# Project: Wrangling and Analyze Data

## Data Gathering
In the cell below, gather **all** three pieces of data for this project and load them in the notebook. **Note:** the methods required to gather each data are different.
1. Directly download the WeRateDogs Twitter archive data (twitter_archive_enhanced.csv)

In [3]:
# import libraries
import pandas as pd
import numpy as np
import matplotlib.pyplot as plt
import json
import requests

%matplotlib inline

In [4]:
# load the twitter-archive-enhanced.csv into a dataframe
twit_arch = pd.read_csv('twitter-archive-enhanced.csv')

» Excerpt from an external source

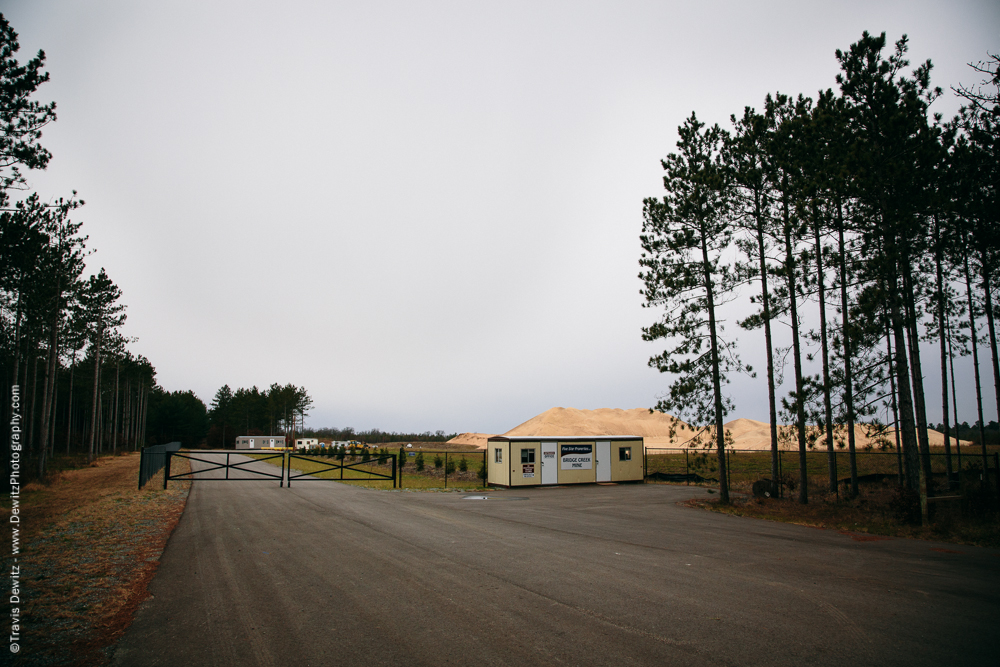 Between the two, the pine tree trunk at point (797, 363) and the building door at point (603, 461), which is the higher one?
the pine tree trunk at point (797, 363)

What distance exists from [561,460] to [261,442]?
75.7 m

2. Use the Requests library to download the tweet image prediction (image_predictions.tsv)

In [5]:
# downlod the image prediction file programmatically
url = 'https://d17h27t6h515a5.cloudfront.net/topher/2017/August/599fd2ad_image-predictions/image-predictions.tsv'
response = requests.get(url)

with open(url.split('/')[-1], mode = 'wb') as file:
    file.write(response.content)

In [6]:
# load the image-prediction.tsv into a dataframe
image_pred = pd.read_table('image-predictions.tsv')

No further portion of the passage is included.